Conception of precontrational responsibility in the new civil code

01.04.2014

The precontractional responsibility was in theAct No. 40/1964 Col., Civil Code taken out from the responsibility for breaching of preventional duties, respectively from responsibility for damage caused by the intentionally acting against good manners. The precontractional responsibility was solved by court decisions only ad hoc, and derived in the case of termination of the acting about contract conclusion without legitimate reason. The damage involved only in the uncommon costs caused by requirements of the party, which has terminated the acting, not in the common costs. In the Act No. 513/1991 Col., Business Code was the precontractional responsibility solved only within the responsibility for the damage for duty breaching not to tell or use the secret information.
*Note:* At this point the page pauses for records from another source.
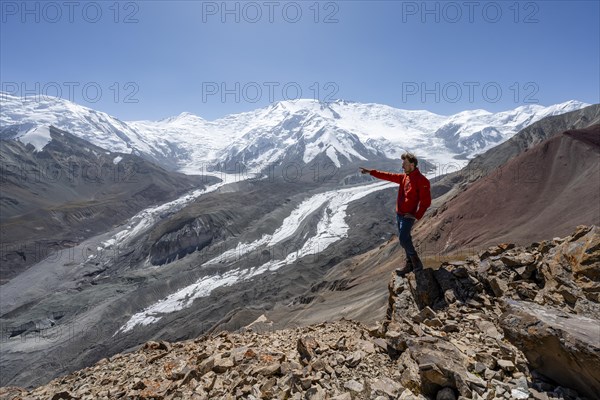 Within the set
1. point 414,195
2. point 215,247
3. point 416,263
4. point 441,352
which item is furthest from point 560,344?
point 215,247

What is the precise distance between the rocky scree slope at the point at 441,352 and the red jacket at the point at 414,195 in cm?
185

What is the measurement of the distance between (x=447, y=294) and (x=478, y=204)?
37808mm

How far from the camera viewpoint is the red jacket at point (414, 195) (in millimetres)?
7613

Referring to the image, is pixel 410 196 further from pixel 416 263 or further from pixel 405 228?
pixel 416 263

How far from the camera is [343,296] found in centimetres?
3216

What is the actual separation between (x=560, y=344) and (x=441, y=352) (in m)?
1.45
In the Act No. 89/2012 Col., Civil code (hereinafter “NCC”) is the precontractional responsibility detailed regulated, it means as the acting without intention to conclude the contract honestly (§ 1728 NCC), denying of the contract conclusion just before its signature without justified reason (§ 1729/1 NCC), the not fulfilling information duty (§ 1729/2 NCC) or breaching or telling the secret information (§ 1730/2 NCC) and this not only in the relation among entrepreneurs. Newly is the damage compensation limited only for the uncommon cost, but includes also all vainly invested cost. Enforcement of the cost will be rather than the legal question taken the burden of proof. It is to expect, that the proof of these facts as justified reason, missing of the intention to conclude the contract honestly, or reasonable expected of contract conclusion will be seen in the future as problematic.